I like describing where I am and wishing I were to help create that sense of claustrophobia that comes along with being stuck inside your head all day. As for NC/NYC references, I knew very well I did not belong in Raleigh as there were more than enough people happy to remind me that also. And I never made any mystery my entire life that I would make my home here in Manhattan the minute it was possible. So there is certainly some of that in there.

If you had to hang your metaphorical hat on a song or lyric here, which would it be?

Rarely do I wear a hat but often am I engineering hooks.

And if you could forget one song or lyric here existed, which would it be?


Your released output now is certainly higher than it was then, but the bonus material and what¹s omitted even reflects a lot of work in a studio or in front of a microphone in general. Do you find recording to be a compulsive thing at this point?

When I worked at Wake Plumbing, I never felt it was compulsive for me to drill into concrete to lay down plumbing lines we had been late getting to. It was a means to an end. It was the way forward to get to a place where I could afford to live without working for a few months in the summer to write. So as being someone who lives and writes, I do not know anything else. It is exactly what I am and what I have always been.

I am compulsive only in letting myself be moved maybe too much by my life and the lives of others.

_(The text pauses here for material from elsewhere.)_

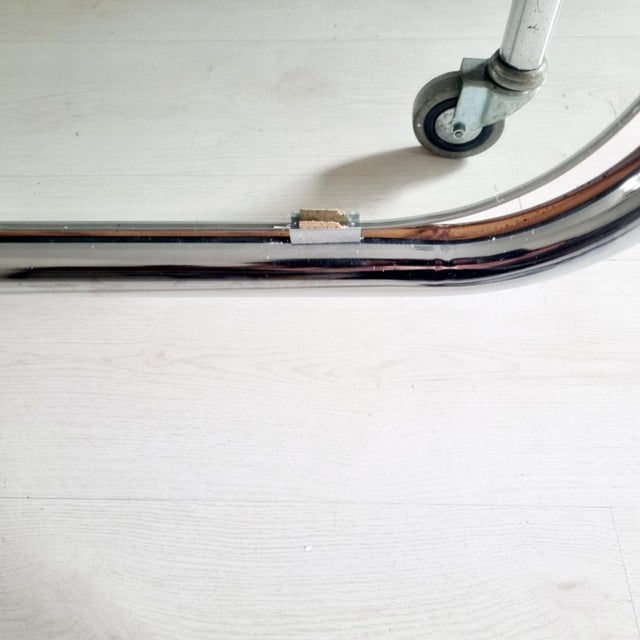 Chrome Tubular 3-Way Mirror from Gispen For Sale - Image 12 of 16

I think this is a rather horrible and beautiful place to be, and there is always another mystery to be solved, be it emotionally or otherwise. I am rather compulsive about reading and watching Letterman. I am terribly upset if I am not at home in bed in time for Dave Letterman. And maybe Bahlsen Choco Leibniz buscuits.

In the No Depression feature from 1997, Peter Blackstock talks about the deal A&M was dangling in front of you as a solo artist. After having been a solo artist for a while now, do you think you should have taken it? What lessons did you carry away from sticking with the band for this and another record?

I was not going to let Caitlin down or the fact that she had left a life that was working for her at the University so that I could go down with the A&M label as a footnote on a roster of footnotes. That being said I respected the people at A&M greatly, and called some of them friends, but it was far out of their hands by that point what would be my fate there and I suspect on some level they knew that then and now. It would never have worked.

Also, I knew Skillet would come back eventually. Of course it was not the same as before, but that was my little hope, my fingers-crossed promise I kept to myself. ("Just keep it rolling, and he will return and we will laugh again.")

Do you ever miss this band? And do you ever miss this region?

No/no. No regrets. I am honored to have had those friends. I would not miss them the way I do now completely and laugh fully like I do sometimes thinking of the past if I did not have the ability to let it go.